» EXERCISE GOAL
The data needs to be returned in full, exactly as it reads.

» Short descriptive text snippets
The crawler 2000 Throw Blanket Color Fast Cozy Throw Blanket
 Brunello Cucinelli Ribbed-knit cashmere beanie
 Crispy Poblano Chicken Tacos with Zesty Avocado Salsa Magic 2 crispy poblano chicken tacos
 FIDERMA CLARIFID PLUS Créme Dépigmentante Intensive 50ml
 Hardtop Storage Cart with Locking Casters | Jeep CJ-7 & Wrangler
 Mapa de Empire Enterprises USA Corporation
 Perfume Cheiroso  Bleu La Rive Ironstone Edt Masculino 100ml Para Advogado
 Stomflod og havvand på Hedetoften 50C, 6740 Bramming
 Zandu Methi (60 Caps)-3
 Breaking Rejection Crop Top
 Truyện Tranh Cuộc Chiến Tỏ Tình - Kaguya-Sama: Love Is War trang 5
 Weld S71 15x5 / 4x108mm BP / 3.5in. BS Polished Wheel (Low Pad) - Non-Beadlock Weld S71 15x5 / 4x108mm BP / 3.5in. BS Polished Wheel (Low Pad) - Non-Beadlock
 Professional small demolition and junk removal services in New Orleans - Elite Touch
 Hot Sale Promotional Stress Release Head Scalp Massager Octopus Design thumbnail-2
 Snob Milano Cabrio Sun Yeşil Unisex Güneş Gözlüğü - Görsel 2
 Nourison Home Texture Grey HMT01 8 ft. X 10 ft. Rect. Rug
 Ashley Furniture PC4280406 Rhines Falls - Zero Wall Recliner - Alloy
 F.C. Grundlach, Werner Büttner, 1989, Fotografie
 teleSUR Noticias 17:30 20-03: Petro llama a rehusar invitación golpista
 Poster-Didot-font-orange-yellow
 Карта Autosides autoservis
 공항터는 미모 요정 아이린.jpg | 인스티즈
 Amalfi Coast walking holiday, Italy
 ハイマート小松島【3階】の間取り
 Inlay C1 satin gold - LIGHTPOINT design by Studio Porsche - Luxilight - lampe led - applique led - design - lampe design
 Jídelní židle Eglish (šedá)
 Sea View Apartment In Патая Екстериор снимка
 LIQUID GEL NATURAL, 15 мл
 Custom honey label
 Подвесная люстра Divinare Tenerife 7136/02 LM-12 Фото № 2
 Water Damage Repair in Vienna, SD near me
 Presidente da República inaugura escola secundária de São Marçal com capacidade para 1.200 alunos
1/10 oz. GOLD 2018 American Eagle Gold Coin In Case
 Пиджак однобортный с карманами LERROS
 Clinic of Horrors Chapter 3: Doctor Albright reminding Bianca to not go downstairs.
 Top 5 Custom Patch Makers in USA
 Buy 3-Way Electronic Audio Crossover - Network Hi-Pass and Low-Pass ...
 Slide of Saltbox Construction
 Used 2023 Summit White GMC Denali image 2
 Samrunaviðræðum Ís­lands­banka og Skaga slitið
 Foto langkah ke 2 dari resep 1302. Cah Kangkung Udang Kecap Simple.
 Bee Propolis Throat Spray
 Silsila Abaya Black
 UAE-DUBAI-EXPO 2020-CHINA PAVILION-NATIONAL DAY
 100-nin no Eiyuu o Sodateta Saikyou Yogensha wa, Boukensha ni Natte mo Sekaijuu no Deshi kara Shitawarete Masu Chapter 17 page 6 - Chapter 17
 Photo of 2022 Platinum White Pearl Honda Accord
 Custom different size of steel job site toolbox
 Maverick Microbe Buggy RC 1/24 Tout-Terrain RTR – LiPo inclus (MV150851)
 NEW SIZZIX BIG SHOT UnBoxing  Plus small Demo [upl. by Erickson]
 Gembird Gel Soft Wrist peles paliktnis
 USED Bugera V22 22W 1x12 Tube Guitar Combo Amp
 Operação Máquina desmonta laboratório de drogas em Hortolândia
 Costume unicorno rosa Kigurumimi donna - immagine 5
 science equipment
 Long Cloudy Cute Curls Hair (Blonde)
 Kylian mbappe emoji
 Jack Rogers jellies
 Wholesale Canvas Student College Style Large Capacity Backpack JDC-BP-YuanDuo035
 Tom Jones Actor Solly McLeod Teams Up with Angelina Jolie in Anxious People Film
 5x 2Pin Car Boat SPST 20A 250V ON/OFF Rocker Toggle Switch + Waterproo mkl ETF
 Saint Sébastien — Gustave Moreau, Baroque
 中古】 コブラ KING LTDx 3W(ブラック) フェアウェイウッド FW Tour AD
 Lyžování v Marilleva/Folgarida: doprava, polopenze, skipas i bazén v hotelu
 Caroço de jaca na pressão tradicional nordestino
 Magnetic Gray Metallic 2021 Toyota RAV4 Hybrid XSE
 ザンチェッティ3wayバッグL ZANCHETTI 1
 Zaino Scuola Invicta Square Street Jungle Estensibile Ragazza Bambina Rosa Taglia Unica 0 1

» RESULT FOR THIS TASK
The crawler 2000 Throw Blanket Color Fast Cozy Throw Blanket
 Brunello Cucinelli Ribbed-knit cashmere beanie
 Crispy Poblano Chicken Tacos with Zesty Avocado Salsa Magic 2 crispy poblano chicken tacos
 FIDERMA CLARIFID PLUS Créme Dépigmentante Intensive 50ml
 Hardtop Storage Cart with Locking Casters | Jeep CJ-7 & Wrangler
 Mapa de Empire Enterprises USA Corporation
 Perfume Cheiroso  Bleu La Rive Ironstone Edt Masculino 100ml Para Advogado
 Stomflod og havvand på Hedetoften 50C, 6740 Bramming
 Zandu Methi (60 Caps)-3
 Breaking Rejection Crop Top
 Truyện Tranh Cuộc Chiến Tỏ Tình - Kaguya-Sama: Love Is War trang 5
 Weld S71 15x5 / 4x108mm BP / 3.5in. BS Polished Wheel (Low Pad) - Non-Beadlock Weld S71 15x5 / 4x108mm BP / 3.5in. BS Polished Wheel (Low Pad) - Non-Beadlock
 Professional small demolition and junk removal services in New Orleans - Elite Touch
 Hot Sale Promotional Stress Release Head Scalp Massager Octopus Design thumbnail-2
 Snob Milano Cabrio Sun Yeşil Unisex Güneş Gözlüğü - Görsel 2
 Nourison Home Texture Grey HMT01 8 ft. X 10 ft. Rect. Rug
 Ashley Furniture PC4280406 Rhines Falls - Zero Wall Recliner - Alloy
 F.C. Grundlach, Werner Büttner, 1989, Fotografie
 teleSUR Noticias 17:30 20-03: Petro llama a rehusar invitación golpista
 Poster-Didot-font-orange-yellow
 Карта Autosides autoservis
 공항터는 미모 요정 아이린.jpg | 인스티즈
 Amalfi Coast walking holiday, Italy
 ハイマート小松島【3階】の間取り
 Inlay C1 satin gold - LIGHTPOINT design by Studio Porsche - Luxilight - lampe led - applique led - design - lampe design
 Jídelní židle Eglish (šedá)
 Sea View Apartment In Патая Екстериор снимка
 LIQUID GEL NATURAL, 15 мл
 Custom honey label
 Подвесная люстра Divinare Tenerife 7136/02 LM-12 Фото № 2
 Water Damage Repair in Vienna, SD near me
 Presidente da República inaugura escola secundária de São Marçal com capacidade para 1.200 alunos
1/10 oz. GOLD 2018 American Eagle Gold Coin In Case
 Пиджак однобортный с карманами LERROS
 Clinic of Horrors Chapter 3: Doctor Albright reminding Bianca to not go downstairs.
 Top 5 Custom Patch Makers in USA
 Buy 3-Way Electronic Audio Crossover - Network Hi-Pass and Low-Pass ...
 Slide of Saltbox Construction
 Used 2023 Summit White GMC Denali image 2
 Samrunaviðræðum Ís­lands­banka og Skaga slitið
 Foto langkah ke 2 dari resep 1302. Cah Kangkung Udang Kecap Simple.
 Bee Propolis Throat Spray
 Silsila Abaya Black
 UAE-DUBAI-EXPO 2020-CHINA PAVILION-NATIONAL DAY
 100-nin no Eiyuu o Sodateta Saikyou Yogensha wa, Boukensha ni Natte mo Sekaijuu no Deshi kara Shitawarete Masu Chapter 17 page 6 - Chapter 17
 Photo of 2022 Platinum White Pearl Honda Accord
 Custom different size of steel job site toolbox
 Maverick Microbe Buggy RC 1/24 Tout-Terrain RTR – LiPo inclus (MV150851)
 NEW SIZZIX BIG SHOT UnBoxing  Plus small Demo [upl. by Erickson]
 Gembird Gel Soft Wrist peles paliktnis
 USED Bugera V22 22W 1x12 Tube Guitar Combo Amp
 Operação Máquina desmonta laboratório de drogas em Hortolândia
 Costume unicorno rosa Kigurumimi donna - immagine 5
 science equipment
 Long Cloudy Cute Curls Hair (Blonde)
 Kylian mbappe emoji
 Jack Rogers jellies
 Wholesale Canvas Student College Style Large Capacity Backpack JDC-BP-YuanDuo035
 Tom Jones Actor Solly McLeod Teams Up with Angelina Jolie in Anxious People Film
 5x 2Pin Car Boat SPST 20A 250V ON/OFF Rocker Toggle Switch + Waterproo mkl ETF
 Saint Sébastien — Gustave Moreau, Baroque
 中古】 コブラ KING LTDx 3W(ブラック) フェアウェイウッド FW Tour AD
 Lyžování v Marilleva/Folgarida: doprava, polopenze, skipas i bazén v hotelu
 Caroço de jaca na pressão tradicional nordestino
 Magnetic Gray Metallic 2021 Toyota RAV4 Hybrid XSE
 ザンチェッティ3wayバッグL ZANCHETTI 1
 Zaino Scuola Invicta Square Street Jungle Estensibile Ragazza Bambina Rosa Taglia Unica 0 1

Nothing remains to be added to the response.